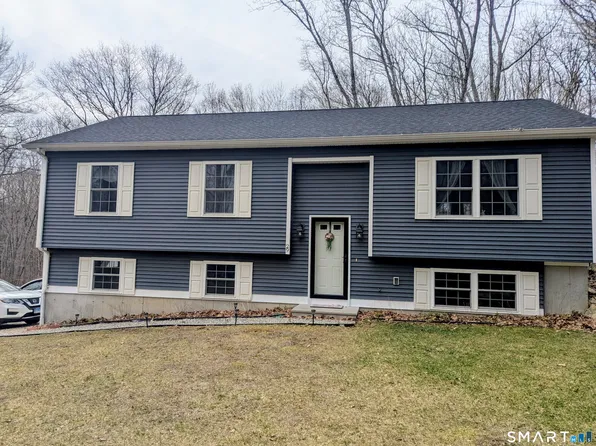 29 Tripp Hollow Road, Brooklyn, CT 06234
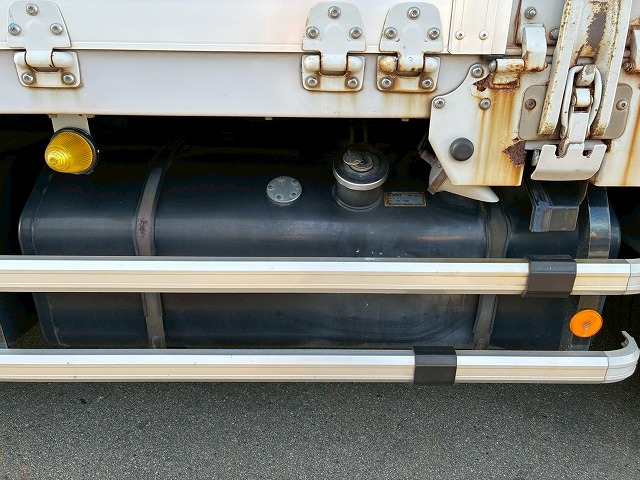 8×4後輪エアサス日本フルハーフアルミホイールスムーサーG|中古トラックの販売・買取・査定のアイナビ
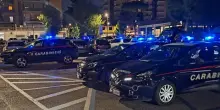 Bacoli, tentano furto di un'auto e scappano: carabiniere investito, arrestati due uomini
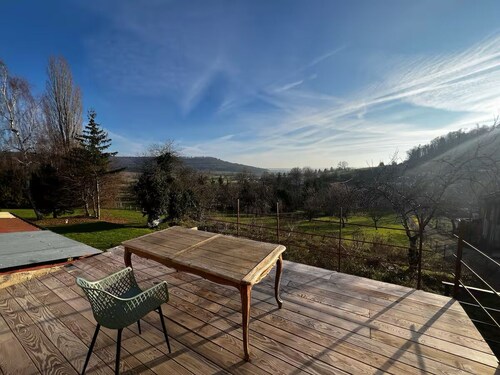 Maison avec terrasse & vue nature près de Neufchâteau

______________________________

#### Problem description:
What you return should be the whole listing, word for word, without its pictures.

#### Written solution:
 29 Tripp Hollow Road, Brooklyn, CT 06234
 8×4後輪エアサス日本フルハーフアルミホイールスムーサーG|中古トラックの販売・買取・査定のアイナビ
 Bacoli, tentano furto di un'auto e scappano: carabiniere investito, arrestati due uomini
 Maison avec terrasse & vue nature près de Neufchâteau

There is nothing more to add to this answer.